Black Widow: Marvel Team-Up


By Chris Claremont, Tom DeFalco, Marv Wolfman, Roger McKenzie, Bill Mantlo, Priest, Fabian Nicieza, Robert Campanella, Dan Slott, Bob Brown, Sal Buscema, Will Meugniot, Ron Frenz & Greg LaRocque, Rob Liefeld, Larry Alexander & Dwayne Turner & various (DC Comics)
ISBN: 978-1-3029- (TPB)

The concept of team-ups – an established star pairing or battling (usually both) with new or less well-selling company characters – has been with us since the earliest days of comics, but making the temporary alliance a key selling point really took hold with DC’s The Brave and the Bold before being taken up by their biggest competitor.

Marvel Team-Up was the second regular Spider-Man title, launching at the end of 1971. It went from strength to strength, heralding expansion and spawning a second collaborative vehicle in Marvel Two-In-One (with the Fantastic Four‘s strong man The Thing), both offering regular venues for uncomplicated action romps in addition to the House of Ideas’ complex sub-plot fare.

However, even in the infinite Marvel Multiverse, certain stars shine more brightly than others and some characters turn up in team-ups more often than others…

In recent years, carefully curated themed collections from the back-catalogue have served to initiate new readers intrigued by Marvel’s Movie and TV endeavours, and this engaging trade paperback/eBook compilation gathers a selection of potent pairings starring superspy The Black Widow, taken from MTIO #10; Marvel Team-Up #57, 82-85, 98, 140-141 and short tales from fortnightly anthology Marvel Comics Presents #53, 70 and 93: collectively spanning July 1975 – January 1992.

Natasha Romanoff (sometimes Natalia Romanova) is a Soviet Russian spy who came in from the cold and stuck around to become one of Marvel’s major female stars.

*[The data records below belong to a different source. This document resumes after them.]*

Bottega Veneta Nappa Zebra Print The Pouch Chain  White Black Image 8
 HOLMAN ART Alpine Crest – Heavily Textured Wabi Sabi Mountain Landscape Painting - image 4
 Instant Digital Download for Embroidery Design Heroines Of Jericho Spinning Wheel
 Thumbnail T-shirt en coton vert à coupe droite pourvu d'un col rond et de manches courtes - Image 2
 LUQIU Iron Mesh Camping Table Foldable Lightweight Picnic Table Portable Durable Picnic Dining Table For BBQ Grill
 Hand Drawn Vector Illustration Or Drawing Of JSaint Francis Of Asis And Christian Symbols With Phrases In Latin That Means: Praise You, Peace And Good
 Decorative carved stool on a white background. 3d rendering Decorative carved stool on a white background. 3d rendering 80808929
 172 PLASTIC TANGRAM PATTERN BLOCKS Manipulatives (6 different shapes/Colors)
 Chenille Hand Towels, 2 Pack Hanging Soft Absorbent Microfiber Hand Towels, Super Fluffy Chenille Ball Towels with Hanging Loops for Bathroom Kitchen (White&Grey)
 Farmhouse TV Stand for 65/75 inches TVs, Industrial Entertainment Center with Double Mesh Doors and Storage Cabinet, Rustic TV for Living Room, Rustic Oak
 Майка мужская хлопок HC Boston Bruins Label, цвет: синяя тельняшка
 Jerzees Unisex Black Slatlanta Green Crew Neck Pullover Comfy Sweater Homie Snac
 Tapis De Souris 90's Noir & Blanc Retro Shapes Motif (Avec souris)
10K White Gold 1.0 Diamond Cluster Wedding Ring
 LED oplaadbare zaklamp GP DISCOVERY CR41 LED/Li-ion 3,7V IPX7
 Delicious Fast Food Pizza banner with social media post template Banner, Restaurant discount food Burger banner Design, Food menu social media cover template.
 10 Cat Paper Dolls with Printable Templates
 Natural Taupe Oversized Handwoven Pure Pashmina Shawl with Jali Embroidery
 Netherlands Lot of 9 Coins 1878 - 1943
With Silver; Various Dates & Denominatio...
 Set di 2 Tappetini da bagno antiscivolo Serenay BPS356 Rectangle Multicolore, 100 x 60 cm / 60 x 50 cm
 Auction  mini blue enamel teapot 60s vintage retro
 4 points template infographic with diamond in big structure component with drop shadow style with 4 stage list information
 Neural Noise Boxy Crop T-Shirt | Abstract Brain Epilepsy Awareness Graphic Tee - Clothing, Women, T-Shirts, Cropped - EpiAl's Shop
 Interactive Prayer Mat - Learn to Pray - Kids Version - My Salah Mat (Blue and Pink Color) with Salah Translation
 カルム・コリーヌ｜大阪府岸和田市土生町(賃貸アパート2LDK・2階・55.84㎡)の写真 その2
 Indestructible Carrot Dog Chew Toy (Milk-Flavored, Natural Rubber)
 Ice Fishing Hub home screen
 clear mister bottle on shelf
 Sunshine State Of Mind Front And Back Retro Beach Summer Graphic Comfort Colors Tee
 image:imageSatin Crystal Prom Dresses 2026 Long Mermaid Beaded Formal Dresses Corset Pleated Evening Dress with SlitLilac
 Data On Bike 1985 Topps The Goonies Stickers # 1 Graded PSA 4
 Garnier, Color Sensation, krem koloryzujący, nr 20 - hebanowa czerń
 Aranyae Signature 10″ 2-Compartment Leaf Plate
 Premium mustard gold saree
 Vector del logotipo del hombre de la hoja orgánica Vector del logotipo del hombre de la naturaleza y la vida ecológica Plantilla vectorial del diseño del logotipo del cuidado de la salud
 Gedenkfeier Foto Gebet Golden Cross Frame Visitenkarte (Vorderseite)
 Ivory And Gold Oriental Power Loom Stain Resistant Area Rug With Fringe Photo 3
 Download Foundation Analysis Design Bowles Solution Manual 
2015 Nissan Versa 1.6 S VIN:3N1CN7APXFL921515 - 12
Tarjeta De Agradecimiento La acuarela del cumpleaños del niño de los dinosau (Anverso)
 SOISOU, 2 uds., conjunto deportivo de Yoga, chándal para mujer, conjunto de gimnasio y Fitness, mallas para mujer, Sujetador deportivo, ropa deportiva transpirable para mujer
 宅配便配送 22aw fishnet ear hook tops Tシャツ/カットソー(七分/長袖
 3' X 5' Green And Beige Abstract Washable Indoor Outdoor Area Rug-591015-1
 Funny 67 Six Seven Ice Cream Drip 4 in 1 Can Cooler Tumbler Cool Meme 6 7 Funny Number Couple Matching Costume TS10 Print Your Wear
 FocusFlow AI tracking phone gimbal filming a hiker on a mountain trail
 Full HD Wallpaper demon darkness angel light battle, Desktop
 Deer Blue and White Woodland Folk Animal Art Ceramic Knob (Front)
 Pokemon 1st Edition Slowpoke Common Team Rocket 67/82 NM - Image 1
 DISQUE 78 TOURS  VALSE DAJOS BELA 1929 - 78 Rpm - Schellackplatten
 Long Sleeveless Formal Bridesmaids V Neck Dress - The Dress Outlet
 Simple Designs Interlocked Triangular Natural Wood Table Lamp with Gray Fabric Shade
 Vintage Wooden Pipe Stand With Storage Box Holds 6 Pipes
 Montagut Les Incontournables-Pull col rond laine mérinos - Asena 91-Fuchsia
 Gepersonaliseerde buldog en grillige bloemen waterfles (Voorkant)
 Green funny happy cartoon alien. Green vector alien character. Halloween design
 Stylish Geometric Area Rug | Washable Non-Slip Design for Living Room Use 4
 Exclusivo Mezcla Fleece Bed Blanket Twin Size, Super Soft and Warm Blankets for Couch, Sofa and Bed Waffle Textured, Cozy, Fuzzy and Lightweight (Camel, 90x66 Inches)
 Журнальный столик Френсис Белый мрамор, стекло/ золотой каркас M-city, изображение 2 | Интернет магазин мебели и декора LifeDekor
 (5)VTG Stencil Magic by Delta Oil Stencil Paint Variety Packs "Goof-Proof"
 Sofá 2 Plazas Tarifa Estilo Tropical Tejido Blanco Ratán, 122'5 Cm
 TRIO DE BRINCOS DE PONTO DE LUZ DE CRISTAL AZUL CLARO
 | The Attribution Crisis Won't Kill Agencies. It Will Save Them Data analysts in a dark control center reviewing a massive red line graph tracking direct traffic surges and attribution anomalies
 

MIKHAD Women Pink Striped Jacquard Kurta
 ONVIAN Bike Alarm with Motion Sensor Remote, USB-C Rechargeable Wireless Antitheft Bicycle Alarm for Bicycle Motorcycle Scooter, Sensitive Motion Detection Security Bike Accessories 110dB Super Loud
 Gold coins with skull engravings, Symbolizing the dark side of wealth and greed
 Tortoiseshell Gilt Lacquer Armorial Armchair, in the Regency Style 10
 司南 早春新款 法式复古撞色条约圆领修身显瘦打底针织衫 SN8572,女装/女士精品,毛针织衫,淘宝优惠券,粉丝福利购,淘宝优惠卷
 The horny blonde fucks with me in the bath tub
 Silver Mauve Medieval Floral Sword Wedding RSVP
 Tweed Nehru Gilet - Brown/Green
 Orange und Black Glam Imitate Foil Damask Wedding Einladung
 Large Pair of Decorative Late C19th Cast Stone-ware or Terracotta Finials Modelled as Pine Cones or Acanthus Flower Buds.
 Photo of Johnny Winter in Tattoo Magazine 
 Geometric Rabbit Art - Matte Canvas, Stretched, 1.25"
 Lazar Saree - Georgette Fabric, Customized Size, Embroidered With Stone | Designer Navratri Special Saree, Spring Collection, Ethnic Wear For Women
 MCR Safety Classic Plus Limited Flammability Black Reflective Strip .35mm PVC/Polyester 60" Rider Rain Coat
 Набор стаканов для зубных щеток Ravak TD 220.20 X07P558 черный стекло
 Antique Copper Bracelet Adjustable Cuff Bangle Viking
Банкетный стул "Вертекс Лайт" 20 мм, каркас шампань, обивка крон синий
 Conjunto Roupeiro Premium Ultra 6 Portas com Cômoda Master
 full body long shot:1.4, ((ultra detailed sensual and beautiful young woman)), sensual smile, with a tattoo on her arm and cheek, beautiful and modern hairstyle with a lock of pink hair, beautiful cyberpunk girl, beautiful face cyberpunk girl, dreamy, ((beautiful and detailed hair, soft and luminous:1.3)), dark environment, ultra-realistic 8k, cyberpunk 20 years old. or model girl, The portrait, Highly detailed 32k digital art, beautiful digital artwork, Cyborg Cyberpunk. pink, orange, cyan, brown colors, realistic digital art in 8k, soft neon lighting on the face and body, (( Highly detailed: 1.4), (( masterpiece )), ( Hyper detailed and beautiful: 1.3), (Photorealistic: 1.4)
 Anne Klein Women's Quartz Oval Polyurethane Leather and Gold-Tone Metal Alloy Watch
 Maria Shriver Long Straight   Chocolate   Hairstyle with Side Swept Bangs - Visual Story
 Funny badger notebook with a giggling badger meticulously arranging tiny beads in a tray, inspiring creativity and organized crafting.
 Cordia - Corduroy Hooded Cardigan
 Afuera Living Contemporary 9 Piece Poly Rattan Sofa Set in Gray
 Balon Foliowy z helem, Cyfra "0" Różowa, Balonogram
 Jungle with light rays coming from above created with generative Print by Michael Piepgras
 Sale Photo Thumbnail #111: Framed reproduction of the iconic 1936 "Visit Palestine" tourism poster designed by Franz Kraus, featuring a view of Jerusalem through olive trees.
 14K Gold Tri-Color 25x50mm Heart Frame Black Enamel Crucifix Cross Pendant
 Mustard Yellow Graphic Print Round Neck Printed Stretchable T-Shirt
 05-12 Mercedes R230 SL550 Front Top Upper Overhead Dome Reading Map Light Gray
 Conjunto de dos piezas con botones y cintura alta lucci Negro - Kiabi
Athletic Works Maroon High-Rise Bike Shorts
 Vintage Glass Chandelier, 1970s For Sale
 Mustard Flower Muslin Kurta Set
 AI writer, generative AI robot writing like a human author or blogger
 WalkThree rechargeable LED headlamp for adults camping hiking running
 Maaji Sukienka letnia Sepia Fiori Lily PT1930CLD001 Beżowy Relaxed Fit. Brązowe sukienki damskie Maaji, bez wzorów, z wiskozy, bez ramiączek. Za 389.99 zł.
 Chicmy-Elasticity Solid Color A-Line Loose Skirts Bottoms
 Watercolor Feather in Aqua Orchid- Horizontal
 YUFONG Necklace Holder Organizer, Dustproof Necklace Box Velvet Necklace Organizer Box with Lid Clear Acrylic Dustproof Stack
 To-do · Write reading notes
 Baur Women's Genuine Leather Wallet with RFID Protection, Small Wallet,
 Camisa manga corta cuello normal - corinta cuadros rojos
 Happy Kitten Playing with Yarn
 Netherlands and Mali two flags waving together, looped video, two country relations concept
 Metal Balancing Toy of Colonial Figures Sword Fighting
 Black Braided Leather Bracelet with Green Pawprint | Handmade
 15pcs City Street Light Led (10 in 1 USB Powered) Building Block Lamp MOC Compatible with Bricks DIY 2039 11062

She started life as a svelte, sultry honey-trap during the early “Commie-busting” days, targeting Tony Stark and battling Iron Man in her debut (Tales of Suspense #52, April, 1964).

She was subsequently redesigned as a torrid tights-&-tech super-villain before defecting to the USA, falling for an assortment of superheroes – including Hawkeye and Daredevil – before finally enlisting as an agent of S.H.I.E.L.D., setting up as a freelance do-gooder and joining/occasionally leading the Avengers.

Throughout her career she was always ultra-efficient, coldly competent, deadly dangerous and yet somehow cursed to bring doom and disaster to her paramours. As her backstory evolved, it was revealed Natasha had undergone experimental processes which enhanced her physical capabilities and lengthened her lifespan, as well as assorted psychological procedures which had messed up her mind and memories…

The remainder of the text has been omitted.